ABBIGLIAMENTO SPORTIVO: “La moda in forma”

L’abbigliamento sportivo ricopre un ruolo centrale nella moda del XX secolo, influenzandola come nessuno mai avrebbe potuto immaginare.

Negli anni ’20 Jean Patou e Coco Chanel creano i primi abiti da giorno sportivi e mascolini: abiti semplici, sobri, pensati per le signore ormai costrette ad abbandonare il corsetto e a mantenere la propria silhouette con l’aiuto dell’attività fisica.
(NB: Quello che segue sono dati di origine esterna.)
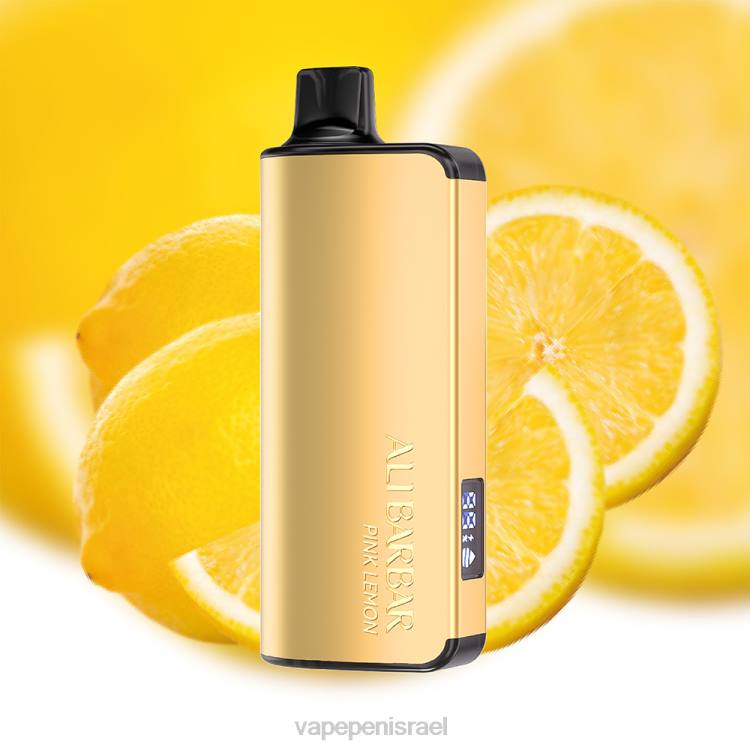 Vape Juice Israel - Alibarbar Ingot 9000 וואפ חד פעמי לימון ורוד 226423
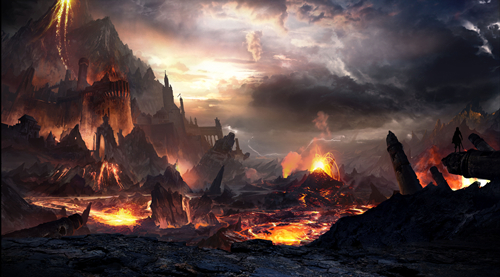 权力与荣耀壮美场景原画曝光天堂地狱各具震撼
Chanel propone eleganti completi in jersey di cotone e introduce i pantaloni alla marinara nel guardaroba delle sue clienti mentre Patou apre la boutique Coin des Sports e disegna i completi per la stella del tennis francese Suzanne Lenglen.

Le radici del moderno abbigliamento sportivo o casual, vanno però ricercate negli Stati Uniti: con il boom della produzione di massa le donne americane adottano uno stile più informale e pratico, affidandosi a stilisti locali come Claire McCardell anziché seguire la couture parigina.

Dagli anni ’70 in poi, il mondo delle palestre e dei campi sportivi si intreccia con quello della strada: dall’aerobica arrivano i body e i fuseaux in lycra, dal jogging e dal pattinaggio i pantaloncini corti, gli scaldamuscoli e le fasce per capelli.

La tecnologia dei tessuti sportivi ispira anche gli stilisti che, negli anni’ 90, lanciano linee di abbigliamento sportivo come, Prada Sport, DKNY Active, e Polo Sport senza dimenticare alcune grandi collaborazioni come quella di Yohji Yamamoto e Adidas o Alexander McQueen e Puma.

Certamente l’alta moda non è mai stata così in forma.